Task statement —
Leaving out all pictures, copy the lines below exactly, from the line with "Explore lip tattoo" to the last line, both ends included.

Exercise input —
──────────

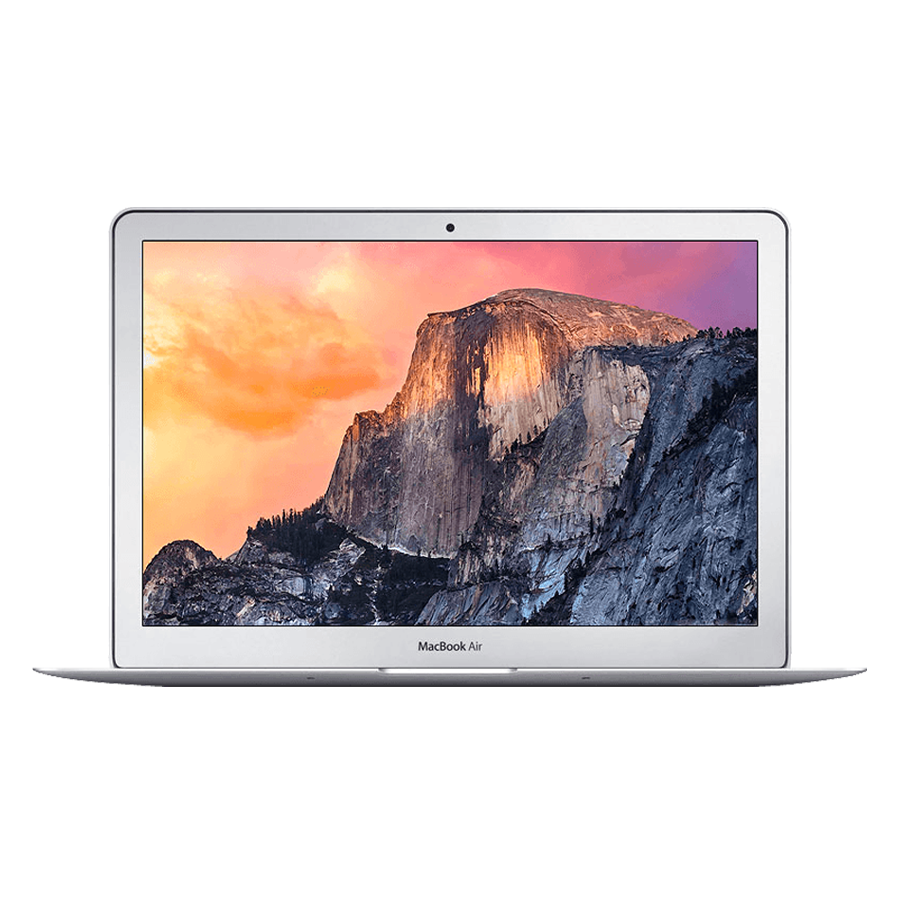 MacBook Air 13" (2017)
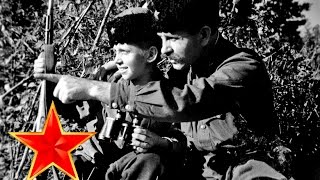 Lovely, Brothers, Lovely - cossacks song - Cossacks WW2 photo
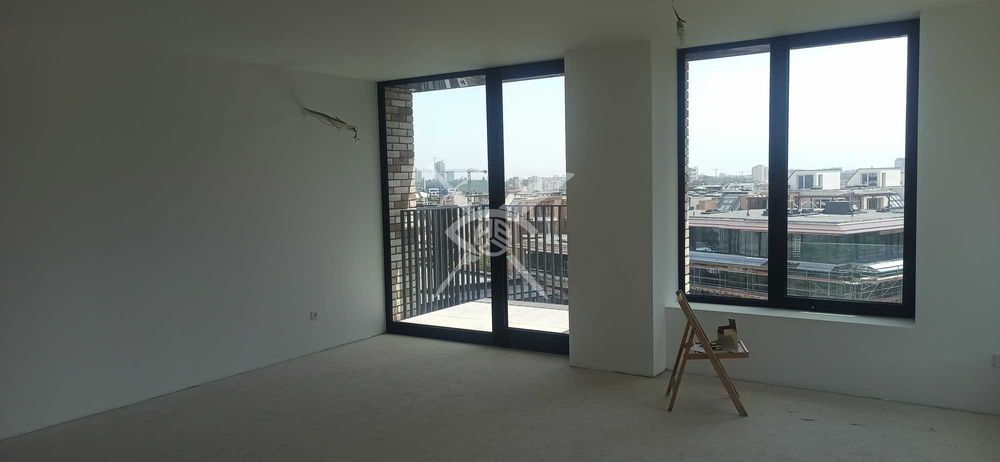 Продава се Тристаен апартамент в София, Манастирски ливади - 125 кв.м за 3400 €/кв.м - Снимка #2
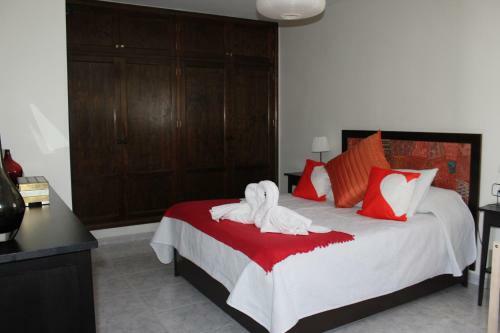 Apartamento Casa Vittoria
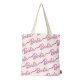 Barbie shopping bag, bevásárlótáska 39 cm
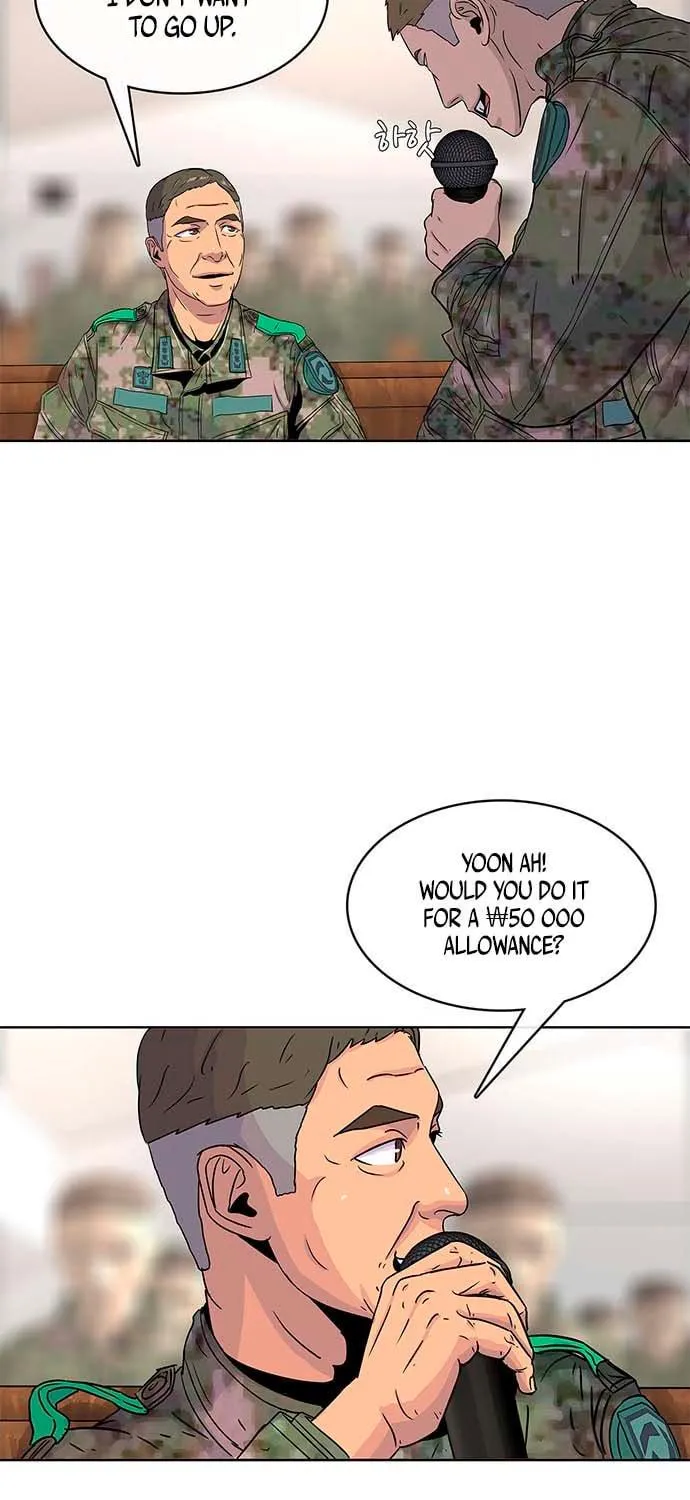 Read Kitchen Soldier chapter 47 image 76 on Lezhin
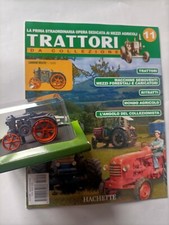Landini velite v.l. usato  Novara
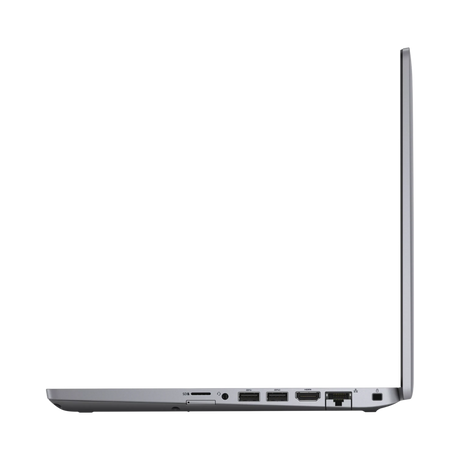 Dell Latitude 5410 14" Laptop, Intel Core i5-10210U, 8GB DDR4 RAM, 256GB SSD (Silver) — Being Shipped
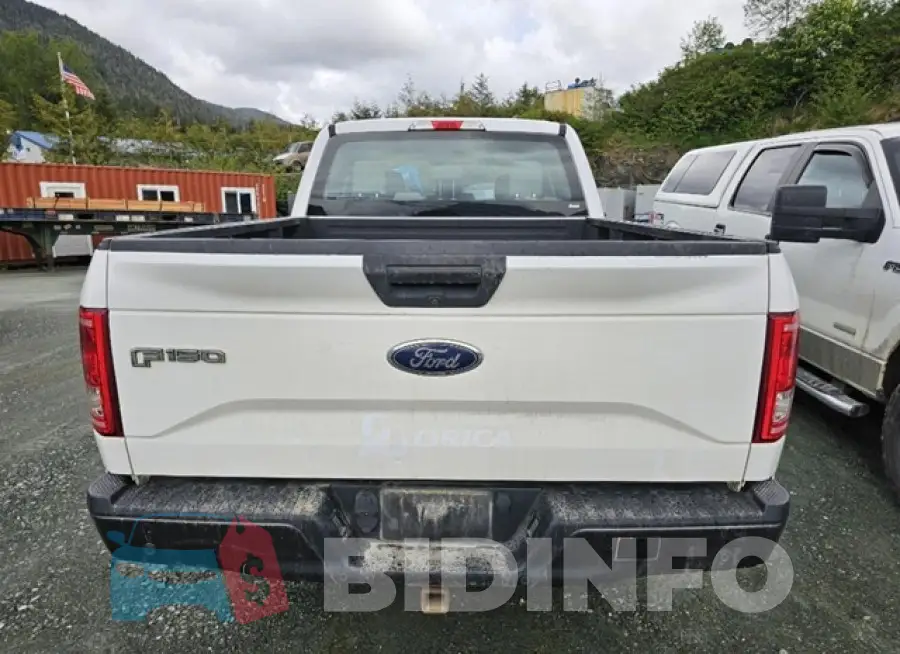 1FTFW1EF7HKD47448 Photo# 6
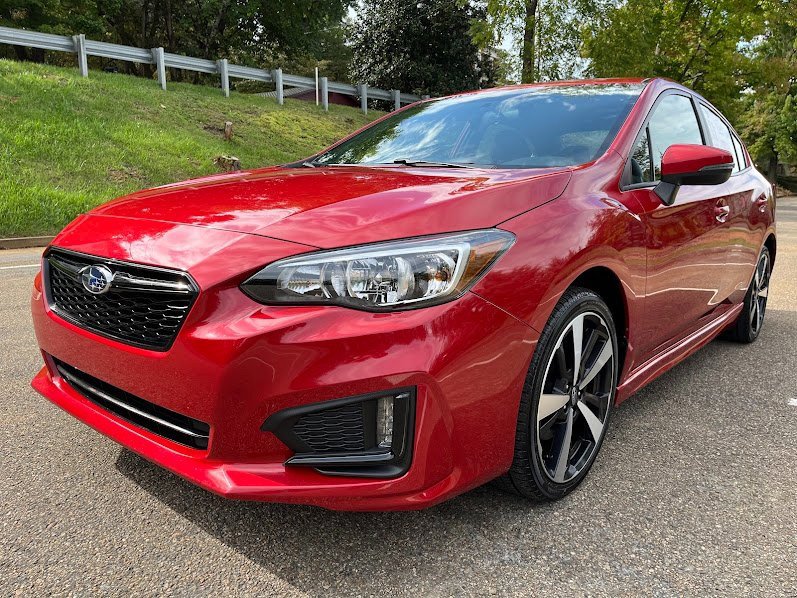 Used 2019 Subaru Impreza 2.0i Sport image 33
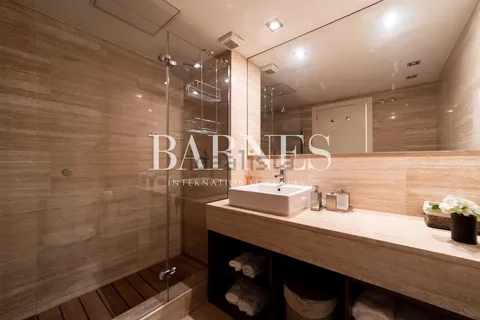 Appartement 89 m² à Madrid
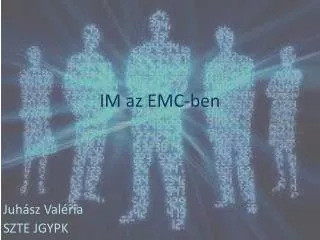 im az emc ben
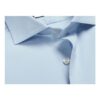 Non-Iron Twill Performance Shirt – Sky Blue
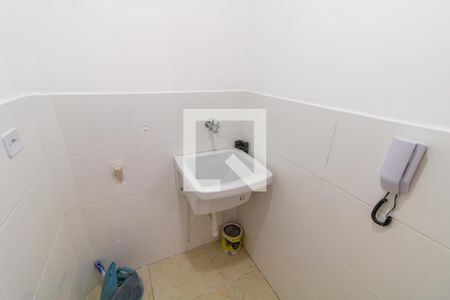 Apartamento para alugar com 40m², 2 quartos e sem vagaÁrea de Serviço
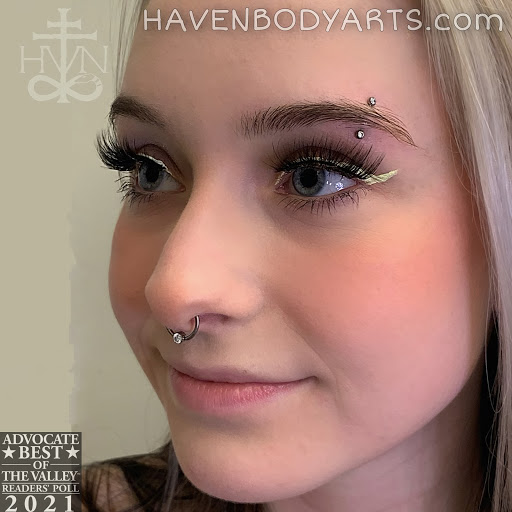 Explore lip tattoo ideas for guys, creative tattoo ideas in Northampton, available at Haven Body Arts Piercing & Tattoo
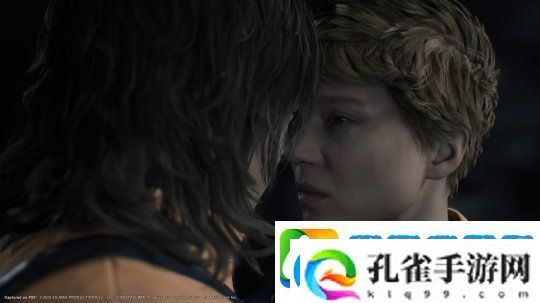 死亡搁浅2全新预告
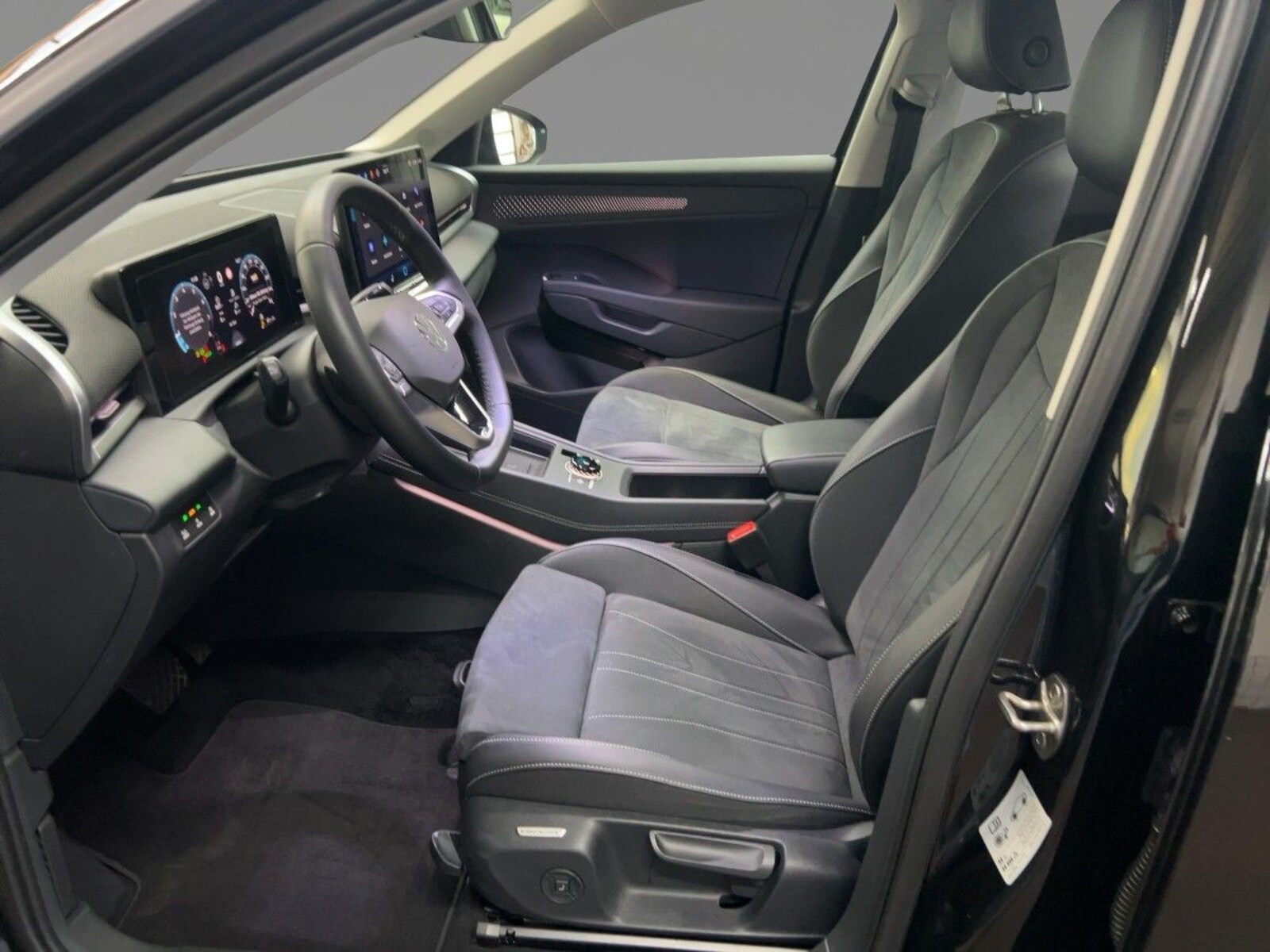 Volkswagen T-Roc – Bild 8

──────────

Solution to this exercise —
 Explore lip tattoo ideas for guys, creative tattoo ideas in Northampton, available at Haven Body Arts Piercing & Tattoo
 死亡搁浅2全新预告
 Volkswagen T-Roc – Bild 8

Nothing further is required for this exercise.